Reward schemes, we know, exist in Canada and the US, and they have worked in those jurisdictions with great effect. The bill represents a missed opportunity with respect to a reward scheme. That is something that I would have thought, given the comments I referred to earlier, this government would have jumped on. Offering legal protections is not enough for someone who has knowledge of corruption or misconduct to come forward and risk their livelihoods. Whilst I note that the bill provides for a whistleblower to pursue litigation, for many that is too costly or traumatic to endure.

As the Greens Senator Peter Whish-Wilson has stated to the Senate inquiry into the Treasury Laws Amendment (Enhancing Whistleblower Protections) Bill 2017:

Rewards work. They encourage disclosure. They recover ill-gotten gains. And they help compensate whistleblowers.

I also note the recommendations of the Parliamentary Joint Committee on Corporations and Financial Services report on whistleblower protections previously referred to, which also recommended the implementation of a reward scheme.

The protection of whistleblowers is something that SA-Best's federal colleague Senator Rex Patrick has continued to advocate for, following Nick Xenophon's departure from the Senate. Along with Senator Nick McKim of the Greens and Independent MP Andrew Wilkie, Senator Patrick continues his strong advocacy and support of Witness K following revelations of the ASIS operation to bug the East Timorese cabinet offices in 2004 during the oil and gas revenue treaty negotiations. Senator Patrick stated that:

Not only was the bugging operation wrong, it has been a total foreign policy, defence and economic disaster.

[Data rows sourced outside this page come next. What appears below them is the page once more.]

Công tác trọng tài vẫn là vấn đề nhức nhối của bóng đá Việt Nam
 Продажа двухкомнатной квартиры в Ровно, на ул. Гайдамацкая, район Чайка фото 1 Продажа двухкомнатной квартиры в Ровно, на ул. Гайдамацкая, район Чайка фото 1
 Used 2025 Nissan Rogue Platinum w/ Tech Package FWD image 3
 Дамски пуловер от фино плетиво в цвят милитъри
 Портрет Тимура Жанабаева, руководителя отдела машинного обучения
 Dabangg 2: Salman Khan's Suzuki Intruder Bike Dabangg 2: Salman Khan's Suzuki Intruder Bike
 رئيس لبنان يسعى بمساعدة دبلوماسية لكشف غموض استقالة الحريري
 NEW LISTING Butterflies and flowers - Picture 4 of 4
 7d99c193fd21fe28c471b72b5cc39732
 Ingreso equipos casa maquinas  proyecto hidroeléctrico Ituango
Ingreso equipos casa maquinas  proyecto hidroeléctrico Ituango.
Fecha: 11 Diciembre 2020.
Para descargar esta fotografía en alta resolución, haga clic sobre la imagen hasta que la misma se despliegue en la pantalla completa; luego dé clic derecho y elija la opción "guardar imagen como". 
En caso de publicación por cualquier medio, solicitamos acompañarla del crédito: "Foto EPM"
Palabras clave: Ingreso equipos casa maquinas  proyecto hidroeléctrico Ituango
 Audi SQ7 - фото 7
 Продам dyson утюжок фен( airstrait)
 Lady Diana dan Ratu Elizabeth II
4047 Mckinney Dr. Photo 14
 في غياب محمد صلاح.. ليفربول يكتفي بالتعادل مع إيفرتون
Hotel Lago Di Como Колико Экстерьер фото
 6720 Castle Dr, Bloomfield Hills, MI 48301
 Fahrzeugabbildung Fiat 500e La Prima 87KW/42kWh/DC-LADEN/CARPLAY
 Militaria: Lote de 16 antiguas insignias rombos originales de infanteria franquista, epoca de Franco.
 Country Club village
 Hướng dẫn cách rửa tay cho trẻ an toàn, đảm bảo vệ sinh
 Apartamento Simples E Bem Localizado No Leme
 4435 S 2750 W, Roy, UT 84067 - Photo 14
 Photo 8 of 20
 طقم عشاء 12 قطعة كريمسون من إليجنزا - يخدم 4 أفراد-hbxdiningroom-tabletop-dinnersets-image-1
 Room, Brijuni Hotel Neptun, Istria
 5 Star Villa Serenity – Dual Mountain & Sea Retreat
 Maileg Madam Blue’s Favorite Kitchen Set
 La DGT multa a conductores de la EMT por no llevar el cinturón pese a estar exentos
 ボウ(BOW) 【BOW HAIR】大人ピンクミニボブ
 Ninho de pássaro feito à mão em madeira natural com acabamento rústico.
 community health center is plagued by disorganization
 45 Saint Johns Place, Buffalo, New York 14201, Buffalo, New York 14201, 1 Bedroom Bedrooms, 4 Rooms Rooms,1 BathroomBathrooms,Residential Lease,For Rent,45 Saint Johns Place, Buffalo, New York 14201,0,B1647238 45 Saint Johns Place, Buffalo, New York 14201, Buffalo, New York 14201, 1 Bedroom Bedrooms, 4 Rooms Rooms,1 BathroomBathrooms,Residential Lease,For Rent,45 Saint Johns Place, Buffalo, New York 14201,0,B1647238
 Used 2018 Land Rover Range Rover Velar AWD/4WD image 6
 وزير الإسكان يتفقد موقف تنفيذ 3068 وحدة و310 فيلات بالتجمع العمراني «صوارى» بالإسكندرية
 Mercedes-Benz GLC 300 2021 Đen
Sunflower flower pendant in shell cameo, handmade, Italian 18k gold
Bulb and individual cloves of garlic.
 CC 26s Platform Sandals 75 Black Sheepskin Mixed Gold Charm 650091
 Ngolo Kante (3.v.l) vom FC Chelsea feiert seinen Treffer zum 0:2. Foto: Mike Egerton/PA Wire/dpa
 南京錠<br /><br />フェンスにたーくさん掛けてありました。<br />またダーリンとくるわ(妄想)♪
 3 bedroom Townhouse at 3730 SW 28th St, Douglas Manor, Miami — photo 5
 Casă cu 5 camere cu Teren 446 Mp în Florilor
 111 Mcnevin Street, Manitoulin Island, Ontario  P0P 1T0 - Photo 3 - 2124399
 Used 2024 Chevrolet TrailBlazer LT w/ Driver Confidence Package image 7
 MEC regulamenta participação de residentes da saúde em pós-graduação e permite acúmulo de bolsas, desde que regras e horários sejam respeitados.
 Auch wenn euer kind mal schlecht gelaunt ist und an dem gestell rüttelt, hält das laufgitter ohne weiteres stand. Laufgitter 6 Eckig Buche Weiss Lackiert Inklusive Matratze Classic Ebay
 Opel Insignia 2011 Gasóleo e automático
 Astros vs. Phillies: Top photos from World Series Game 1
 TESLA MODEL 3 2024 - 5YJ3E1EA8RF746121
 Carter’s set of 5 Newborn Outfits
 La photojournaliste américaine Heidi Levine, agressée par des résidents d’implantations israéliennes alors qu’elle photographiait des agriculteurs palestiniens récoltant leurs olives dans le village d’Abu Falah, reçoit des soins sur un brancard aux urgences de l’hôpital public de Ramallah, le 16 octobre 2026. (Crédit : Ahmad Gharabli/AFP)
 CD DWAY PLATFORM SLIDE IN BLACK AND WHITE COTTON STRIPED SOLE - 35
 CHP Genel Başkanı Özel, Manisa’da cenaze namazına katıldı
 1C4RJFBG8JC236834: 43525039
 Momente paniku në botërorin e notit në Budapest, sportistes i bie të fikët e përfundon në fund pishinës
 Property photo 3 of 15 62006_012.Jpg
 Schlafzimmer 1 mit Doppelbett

Senator Patrick believes that the operation was morally bankrupt and unlawful, whereby the Australian government ordered an espionage operation against East Timor's negotiators to gain a significant advantage in those negotiations.

As we know, Witness K and his lawyer, Bernard Collaery, have been charged for revealing the bugging operation. As this case exemplifies, whistleblowers face a large number of potential adverse consequences if they speak up. They are real, they are emotional and they are financial, and they can affect people for many years thereafter when all they were doing by speaking out was their job.

In the ICAC's 2015 annual report, a survey of 7,000 public servants revealed that one in four were reluctant to report alleged acts of corruption, misconduct or maladministration, with the most common concern being personal repercussions and job losses. Providing effective legal protection and clear guidance on reporting procedures will serve to support an open organisational structure where public servants are not only aware of how to report but also have confidence in the reporting procedures.

It is hoped that this bill will address failings of the current act and offer substantive protection to whistleblowers, in which our public servants can have confidence. With those words, we will be supporting the legislation. We look forward to the committee stage of the debate and we also hope that this is the beginning of a further consideration of a reward system for South Australia. I would just like to correct the record. The Hon. Mark Parnell might be able to clarify this, but I think the amendments I referred to are not going to be moved by the Hon. Mark Parnell on behalf of the Greens.

The Hon. M.C. Parnell: That's right.

The Hon. C. BONAROS: That is right, so there is no need to indicate our position on those. With those words, we support the second reading of the bill.

Debate adjourned on motion of Hon. I.K. Hunter.